Repeat the records below exactly, from the first line through the line containing "Alia Bhatt: కేన్స్", and leave out any pictures.

** Supplied data follows **

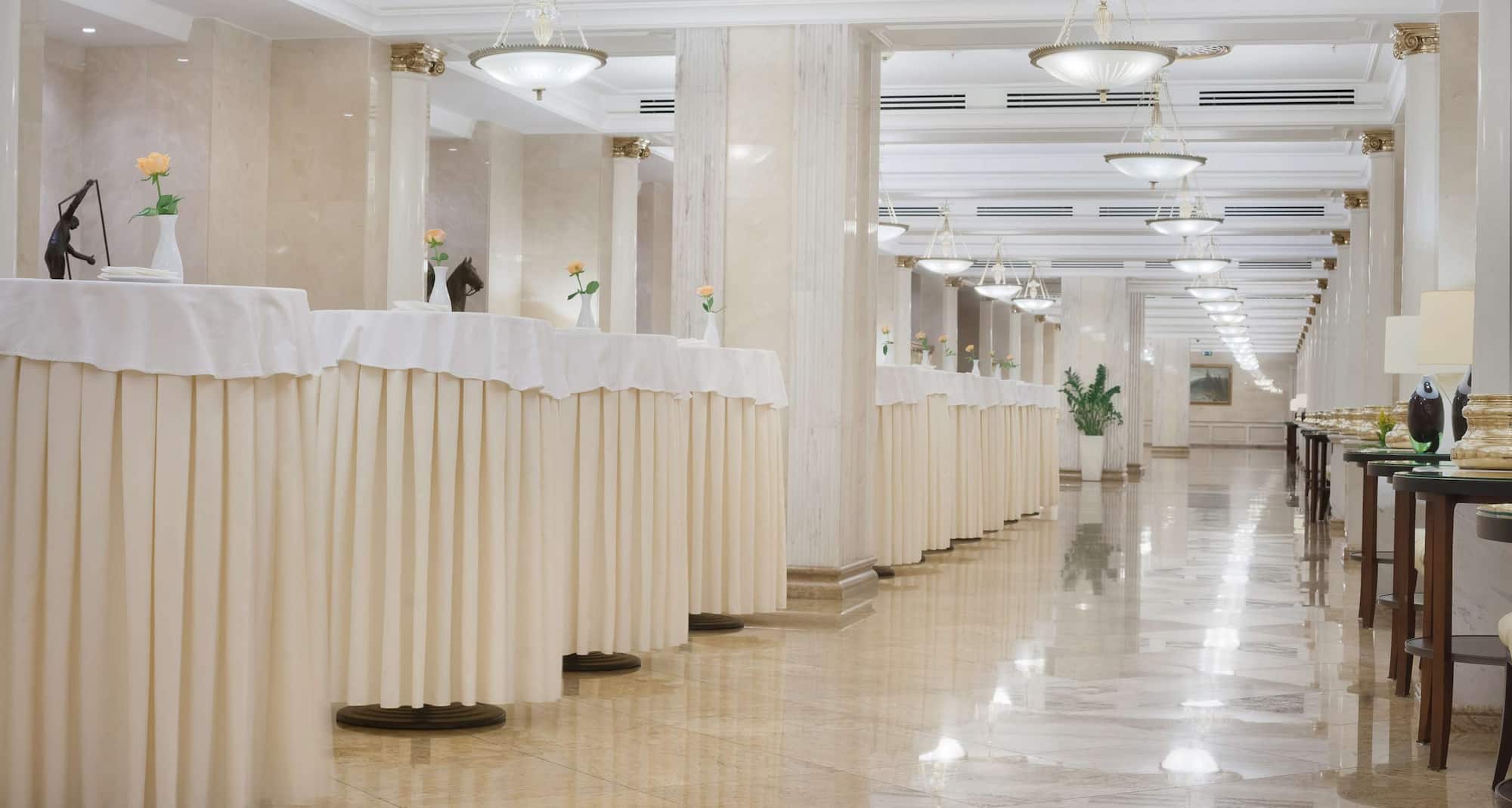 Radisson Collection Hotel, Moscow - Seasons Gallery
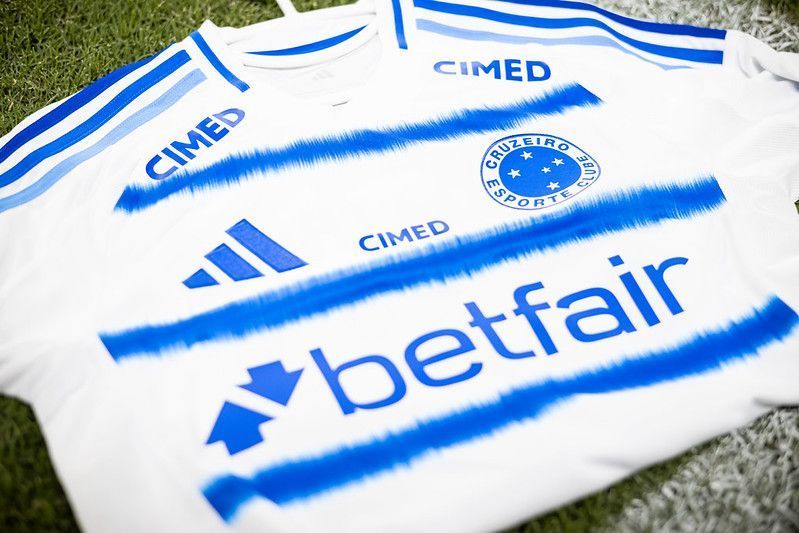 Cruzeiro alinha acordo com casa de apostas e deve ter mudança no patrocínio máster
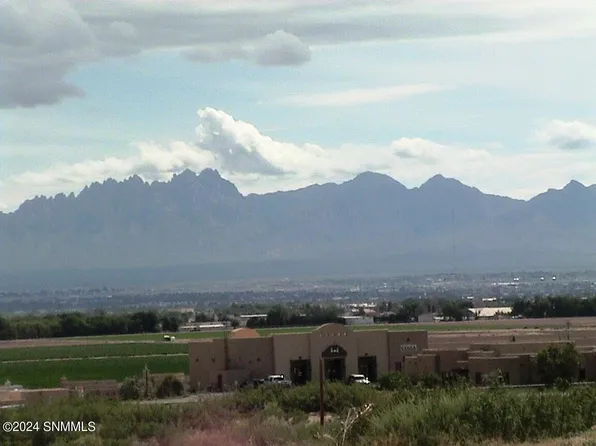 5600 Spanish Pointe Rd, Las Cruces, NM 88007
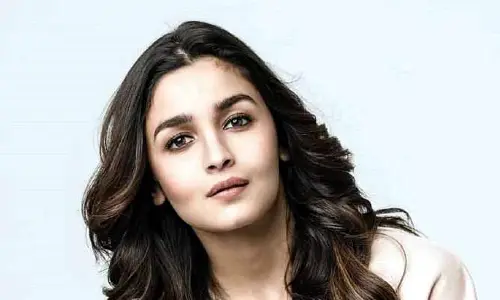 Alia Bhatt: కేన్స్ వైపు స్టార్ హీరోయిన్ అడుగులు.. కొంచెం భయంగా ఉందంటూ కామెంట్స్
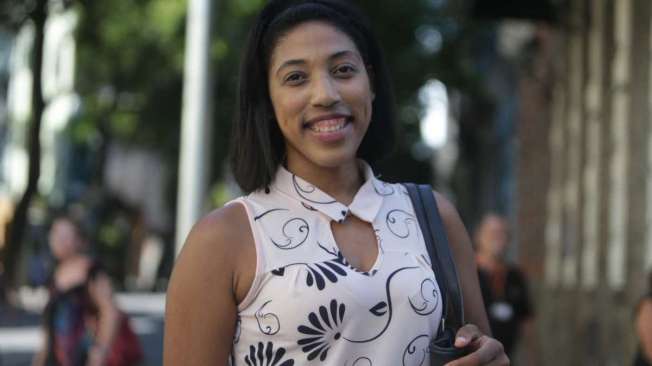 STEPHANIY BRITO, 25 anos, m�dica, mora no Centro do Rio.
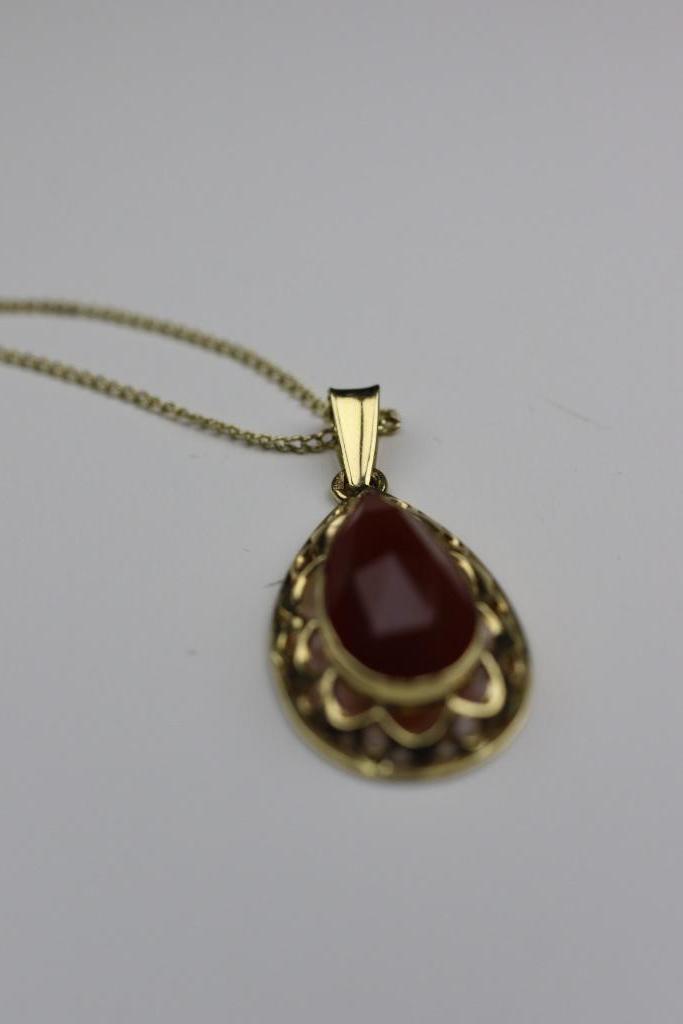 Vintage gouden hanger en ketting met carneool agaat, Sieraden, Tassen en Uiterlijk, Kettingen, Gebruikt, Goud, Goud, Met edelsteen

** End of Supplied data **

> Answer to this task
 Radisson Collection Hotel, Moscow - Seasons Gallery
 Cruzeiro alinha acordo com casa de apostas e deve ter mudança no patrocínio máster
 5600 Spanish Pointe Rd, Las Cruces, NM 88007
 Alia Bhatt: కేన్స్ వైపు స్టార్ హీరోయిన్ అడుగులు.. కొంచెం భయంగా ఉందంటూ కామెంట్స్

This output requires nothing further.